ア より多くの日本企業が日常的に取り入れやすい、もう少し現実的な手法はありますか?
坂 比較的なじみやすいのは「イフ・ゼン(もし~なら、そのときは~)」というプランニングです。「もし〇〇が起きたら、××する」という行動ルールをあらかじめ決めておきます。
ア 「もし暴動が起きたら、即座に在宅勤務に切り替える」といった具体策ですね。
坂 まさにそうです。緊急事態が起きた時にその場で悩まず、反射的に動けるようにしておくわけです。必要に応じて、マニュアルを参照する流れにしても構いません。ただし、この方法にも弱点があります。
ア どのような弱点でしょうか。
坂 「もしも」の想定を一つずつ丁寧につぶしていく覚悟がなければ、結局は再び「ダチョウ効果」に陥ってしまいます。
考えたくないシナリオを排除したままでは、ルールを作っても実際には機能しません。リスクを網羅的に洗い出し、それを訓練やマニュアルへと結び付ける意志が必要となります。
ア 形だけのマニュアルでは意味がないのですね。
坂 さらに効果を高めるには、「被害想定を自分事化する」を組み合わせることが重要です。
例えば「大規模災害を想定する」という抽象的な言葉「避難所の硬い床の上で、持病の薬がないまま3日間過ごす」といった形で、身体的で具体的な苦痛にまで想像してもらうと、一気に現実味が出ます。
ア 確かに、その方が一気に現実味が帯び、危機が身近になります。
坂 不思議なもので、多少無理にでも実感が伴うように思考の流れを作ると、「何を備えるべきか」「何を決めておくべきか」の解像度が一気に上がります。
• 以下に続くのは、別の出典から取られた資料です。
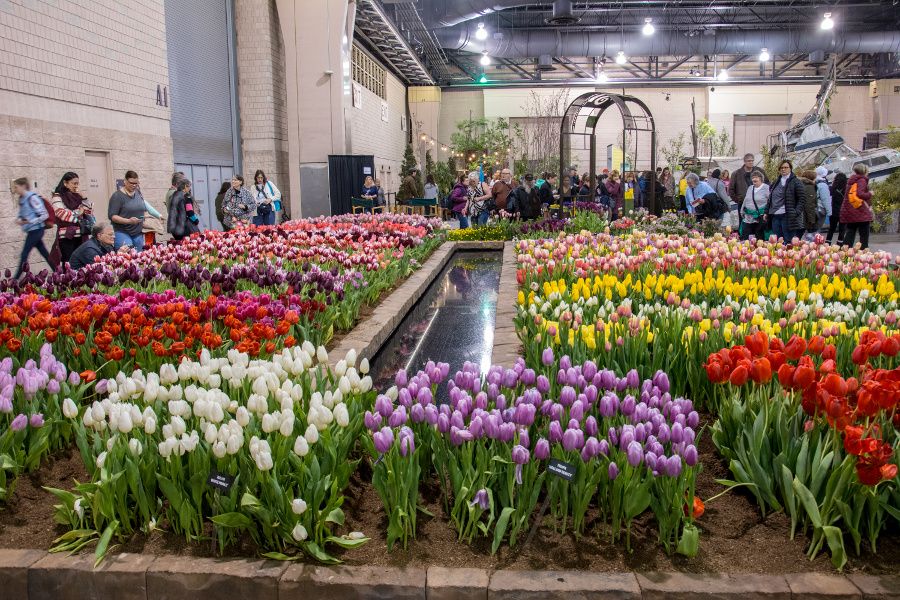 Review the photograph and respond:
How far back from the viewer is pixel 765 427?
287 cm

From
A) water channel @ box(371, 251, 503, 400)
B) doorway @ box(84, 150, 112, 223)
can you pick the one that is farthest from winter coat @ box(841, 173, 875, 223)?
doorway @ box(84, 150, 112, 223)

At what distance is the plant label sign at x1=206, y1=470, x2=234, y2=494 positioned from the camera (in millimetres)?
2699

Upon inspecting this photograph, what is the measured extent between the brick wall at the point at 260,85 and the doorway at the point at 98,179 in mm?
6921

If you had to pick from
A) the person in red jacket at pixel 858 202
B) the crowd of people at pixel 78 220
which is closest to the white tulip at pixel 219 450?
the crowd of people at pixel 78 220

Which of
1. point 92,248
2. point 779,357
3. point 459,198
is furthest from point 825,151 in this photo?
point 779,357

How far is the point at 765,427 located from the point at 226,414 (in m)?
1.84

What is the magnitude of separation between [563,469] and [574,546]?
1.00 ft

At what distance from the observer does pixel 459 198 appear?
1800 centimetres

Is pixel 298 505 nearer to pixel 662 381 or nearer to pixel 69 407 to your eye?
pixel 69 407

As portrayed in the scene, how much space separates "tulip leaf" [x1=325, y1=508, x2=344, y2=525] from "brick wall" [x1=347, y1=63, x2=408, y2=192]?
61.5 ft

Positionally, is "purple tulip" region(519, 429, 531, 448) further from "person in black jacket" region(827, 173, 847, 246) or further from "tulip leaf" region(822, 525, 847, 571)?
"person in black jacket" region(827, 173, 847, 246)

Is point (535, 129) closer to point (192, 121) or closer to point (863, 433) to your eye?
point (192, 121)

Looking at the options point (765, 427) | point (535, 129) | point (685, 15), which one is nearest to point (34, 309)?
point (765, 427)

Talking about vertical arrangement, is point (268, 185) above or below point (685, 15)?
below
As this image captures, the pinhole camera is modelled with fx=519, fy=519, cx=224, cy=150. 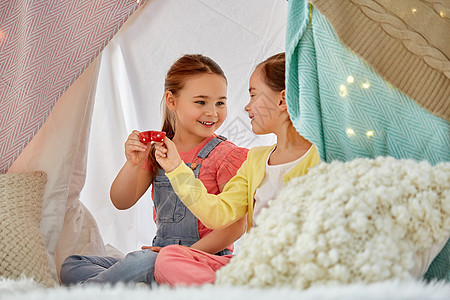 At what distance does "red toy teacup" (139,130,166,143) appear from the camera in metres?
1.49

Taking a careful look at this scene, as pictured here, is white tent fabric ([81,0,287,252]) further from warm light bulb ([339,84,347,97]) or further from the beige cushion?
warm light bulb ([339,84,347,97])

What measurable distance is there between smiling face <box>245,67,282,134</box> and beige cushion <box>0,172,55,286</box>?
68cm

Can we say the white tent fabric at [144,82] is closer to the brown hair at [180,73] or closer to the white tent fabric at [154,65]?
the white tent fabric at [154,65]

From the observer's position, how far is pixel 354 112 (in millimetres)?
1132

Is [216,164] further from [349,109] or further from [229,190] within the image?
[349,109]

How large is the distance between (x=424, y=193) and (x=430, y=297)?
0.68 feet

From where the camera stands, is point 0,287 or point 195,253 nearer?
point 0,287

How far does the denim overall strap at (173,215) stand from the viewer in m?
1.68

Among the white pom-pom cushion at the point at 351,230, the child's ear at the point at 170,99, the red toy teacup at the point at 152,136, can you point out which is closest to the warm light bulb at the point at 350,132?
the white pom-pom cushion at the point at 351,230

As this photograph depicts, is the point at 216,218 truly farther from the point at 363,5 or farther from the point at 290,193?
the point at 363,5

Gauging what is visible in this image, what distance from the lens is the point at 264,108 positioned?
1.48m

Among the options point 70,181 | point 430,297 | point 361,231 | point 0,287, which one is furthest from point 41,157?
point 430,297

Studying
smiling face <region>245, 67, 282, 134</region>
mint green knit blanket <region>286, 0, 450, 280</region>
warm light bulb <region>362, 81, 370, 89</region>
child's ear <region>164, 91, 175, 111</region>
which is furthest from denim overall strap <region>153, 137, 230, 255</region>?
warm light bulb <region>362, 81, 370, 89</region>

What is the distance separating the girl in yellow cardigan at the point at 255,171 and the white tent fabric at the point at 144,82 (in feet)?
1.53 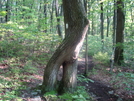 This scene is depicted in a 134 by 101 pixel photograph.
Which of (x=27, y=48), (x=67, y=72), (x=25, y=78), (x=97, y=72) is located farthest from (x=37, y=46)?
(x=67, y=72)

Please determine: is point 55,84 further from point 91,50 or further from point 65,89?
point 91,50

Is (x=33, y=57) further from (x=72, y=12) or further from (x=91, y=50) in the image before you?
(x=91, y=50)

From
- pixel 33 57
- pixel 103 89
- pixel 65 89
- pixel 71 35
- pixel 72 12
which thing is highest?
pixel 72 12

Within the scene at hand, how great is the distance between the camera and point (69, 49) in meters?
4.30

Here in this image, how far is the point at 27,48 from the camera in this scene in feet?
32.8

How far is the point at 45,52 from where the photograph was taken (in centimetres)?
1082

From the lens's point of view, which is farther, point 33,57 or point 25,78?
A: point 33,57

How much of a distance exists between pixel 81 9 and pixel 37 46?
677 cm

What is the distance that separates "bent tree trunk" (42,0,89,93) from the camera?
4.18 m

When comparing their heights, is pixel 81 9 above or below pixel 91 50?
above

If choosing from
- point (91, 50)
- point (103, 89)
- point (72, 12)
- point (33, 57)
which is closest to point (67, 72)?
point (72, 12)

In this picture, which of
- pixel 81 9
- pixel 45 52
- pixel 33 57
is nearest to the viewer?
pixel 81 9

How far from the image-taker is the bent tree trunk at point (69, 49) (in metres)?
4.18

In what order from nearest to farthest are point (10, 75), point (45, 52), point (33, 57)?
point (10, 75) → point (33, 57) → point (45, 52) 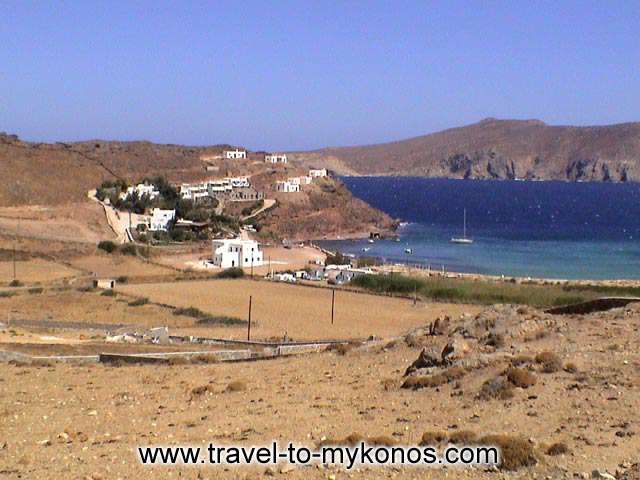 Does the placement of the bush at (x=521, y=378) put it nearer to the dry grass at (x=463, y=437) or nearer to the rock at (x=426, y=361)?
the rock at (x=426, y=361)

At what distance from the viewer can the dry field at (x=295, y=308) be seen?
31.5 m

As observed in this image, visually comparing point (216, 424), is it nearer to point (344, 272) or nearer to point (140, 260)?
point (344, 272)

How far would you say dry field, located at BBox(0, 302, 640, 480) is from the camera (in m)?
8.42

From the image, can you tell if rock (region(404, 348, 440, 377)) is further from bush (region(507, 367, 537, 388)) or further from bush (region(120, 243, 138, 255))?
bush (region(120, 243, 138, 255))

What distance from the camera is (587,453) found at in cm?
789

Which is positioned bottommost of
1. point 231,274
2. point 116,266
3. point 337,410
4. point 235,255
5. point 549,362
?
point 231,274

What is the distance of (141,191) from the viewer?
86438 millimetres

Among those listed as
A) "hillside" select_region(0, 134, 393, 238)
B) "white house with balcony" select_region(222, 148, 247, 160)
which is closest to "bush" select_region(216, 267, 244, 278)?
"hillside" select_region(0, 134, 393, 238)

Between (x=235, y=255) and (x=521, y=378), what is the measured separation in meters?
48.9

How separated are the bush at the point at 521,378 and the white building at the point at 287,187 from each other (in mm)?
95574

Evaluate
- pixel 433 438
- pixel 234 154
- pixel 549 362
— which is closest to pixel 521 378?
pixel 549 362

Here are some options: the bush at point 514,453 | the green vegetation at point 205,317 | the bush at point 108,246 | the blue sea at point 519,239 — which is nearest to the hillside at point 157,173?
the blue sea at point 519,239

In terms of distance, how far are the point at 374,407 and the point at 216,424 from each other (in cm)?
212

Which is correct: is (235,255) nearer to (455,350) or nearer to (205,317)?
(205,317) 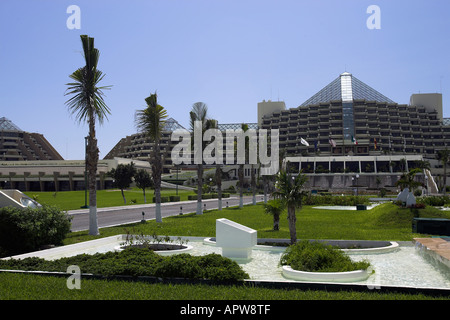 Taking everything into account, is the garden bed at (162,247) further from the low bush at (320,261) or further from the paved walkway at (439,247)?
the paved walkway at (439,247)

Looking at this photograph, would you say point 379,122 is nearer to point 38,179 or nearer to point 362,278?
point 38,179

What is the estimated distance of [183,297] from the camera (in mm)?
7535

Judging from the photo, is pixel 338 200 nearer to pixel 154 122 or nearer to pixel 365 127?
pixel 154 122

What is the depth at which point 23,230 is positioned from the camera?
13.6m

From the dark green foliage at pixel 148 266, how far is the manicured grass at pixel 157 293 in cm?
42

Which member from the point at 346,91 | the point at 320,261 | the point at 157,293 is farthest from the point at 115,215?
the point at 346,91

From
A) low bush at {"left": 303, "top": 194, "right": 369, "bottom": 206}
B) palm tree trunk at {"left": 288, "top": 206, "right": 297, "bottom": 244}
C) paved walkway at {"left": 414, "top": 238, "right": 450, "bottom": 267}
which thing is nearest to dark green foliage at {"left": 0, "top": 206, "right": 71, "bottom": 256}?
palm tree trunk at {"left": 288, "top": 206, "right": 297, "bottom": 244}

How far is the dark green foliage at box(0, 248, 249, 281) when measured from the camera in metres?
8.91

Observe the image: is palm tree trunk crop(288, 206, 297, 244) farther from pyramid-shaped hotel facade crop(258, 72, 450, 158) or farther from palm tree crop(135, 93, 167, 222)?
pyramid-shaped hotel facade crop(258, 72, 450, 158)

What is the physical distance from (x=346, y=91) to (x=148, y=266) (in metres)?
150

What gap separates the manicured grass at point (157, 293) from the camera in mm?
7500

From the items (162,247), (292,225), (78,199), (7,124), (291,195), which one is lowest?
(78,199)

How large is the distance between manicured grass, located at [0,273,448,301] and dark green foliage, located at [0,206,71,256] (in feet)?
17.1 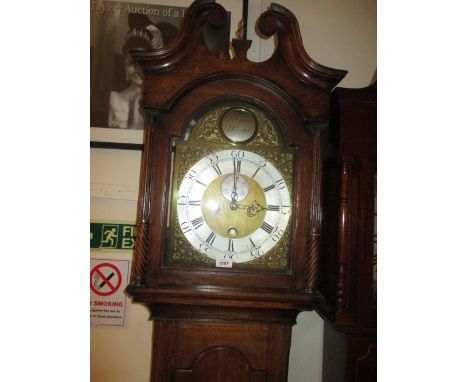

直面したくない現実に「あえて」直面させることで、計画の精度が高まるのです。
ア 結局、人間は極限状態では冷静でいられない、という前提で考えた方がよいわけですね。
坂 まさにそこが重要です。自分の意志や冷静さを信じすぎないこと。これは暴動対応に限らず、災害や犯罪など、安全対策の全てに当てはまります。
人は土壇場では必ず認知バイアスに支配され、思考力は著しく低下します。しかも、深刻な事態であればあるほど「考えたくない」という気持ちが先行し、情報そのものを遮断してしまいがちです。必要なのは、システム、ルール、そして物理的な備えです。「人は直前になると目を背けたくなる」という本質を認め、平時のうちに「考えたくないこと」を検討しておき、実際に動ける形にしておくことが重要なのです。
◇坂村史帆さんの経歴
東京大学大学院を修了後、外資系コンサルティング・ファームで地政学リスク分析と企業の危機管理に12年間従事。専門分野は、国際紛争、テロ、治安情勢。米国やインドなど世界10カ国以上で講演実績。